Finalement, les chars ne sont pas entrés à Tbilissi. Il y a chez lui l’envie de prouver que d’histoire, il n’y a que lui. La position de la France n’a jamais été aussi en pointe, à l’Otan, au G20, etc. Les Américains n’étaient pas là lors de la crise géorgienne après y avoir poussé. Il aime bien les Américains, mais enfin ce sont des gens qui chaussent du 62 et demandent à leur voisin européen pourquoi diable leurs petites chaussures se trouvent être par hasard sous la leur. Il parle longuement du «printemps arabe». Il n’a pas su prévoir les événements de Tunisie, d’ailleurs les diplomates ne font pas leur travail. Il a de l’affection pour Moubarak. Les manifestants de la place Tahrir, c’est le Café de Flore à Saint-Germain-des-Prés. Il y a 80 millions d’Egyptiens. Ou étaient les 40 millions de paysans de l’Egypte rurale ?

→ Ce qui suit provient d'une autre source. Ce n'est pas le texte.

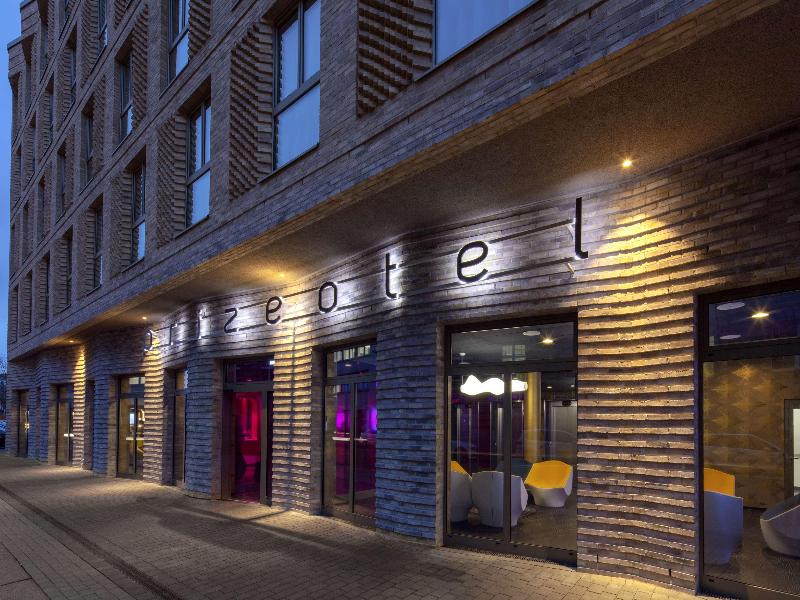 Prizeotel Erfurt City image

La guerre de Libye, c’est sa guerre. Il est le premier Européen depuis Lawrence d’Arabie à être intervenu avec succès pour les libertés arabes, la démocratie arabe. Lawrence est visiblement un fantasme présidentiel. Connaît-il le contexte de la révolte arabe à la fin de la Grande Guerre, et le désaveu des puissances ? A-t-il lu les Sept Piliers et la Matrice. Je pense à tout cela en silence - décidément l’histoire lui échappe, une certaine sensibilité au temps aussi, aux contradictions humaines - mais j’apprécie son enthousiasme. Un historien du Maghreb lui fait part de son pessimisme, évoque les risques islamistes. Il en convient. Mais il a empêché le massacre à Benghazi. Il en est fier. Kadhafi est un fou, il le pense depuis 2007 et l’a reçu pour sauver les infirmières bulgares. C’était le «deal». Il veut de la diversité dans le monde arabe. Des religions qui cohabitent. D’ailleurs, il a toujours été attentif aux questions religieuses, il a écrit un livre là-dessus. Chirac n’y a rien compris.

Il parle volontiers des autres présidents. Il aime Pompidou parce que Pompidou aimait sa femme. Il aime Pompidou, sa solitude, sa tristesse. Pas d’hypocrisie, du bon sens chez Pompidou, il était humain, celui-là. Pas comme Mitterrand qui ne l’a été qu’à la fin de sa vie, devant la mort, et surtout pas comme le Général qui se prenait pour la France. Lui ne se prend pas pour la France, il fait le «job» et il le fait bien. Il aime sa femme, il va avoir un enfant, il est fier de son fils de 17 ans qui vient d’intégrer une grande école militaire aux Etats-Unis.

Avec lui, il n’y a pas de double corps du roi. Il est un simple particulier qui fait le job. Nous sommes des témoins de plus en plus silencieux au fur et à mesure que se prolonge ce déjeuner. Que faisons-nous là, nous autres historiens ? Le Président bouge beaucoup sur sa chaise. Il a l’air plus jeune, plus fluet, plus bronzé que sur ses photos. Il a refusé le dessert diététique qu’on lui a présenté pour prendre deux fois de la glace. C’est signe qu’il était détendu, qu’il avait envie de prolonger ce moment avec nous. Une petite visite du rez-de-chaussée et nous sommes sortis par le grand portail de la rue du faubourg Saint-Honoré, le portail des invités du Président. C’était un déjeuner informel. Nous sommes tenus de rester discret sur certaines choses. Je rentre à pied jusqu’à la rue Jacob. La vie continue.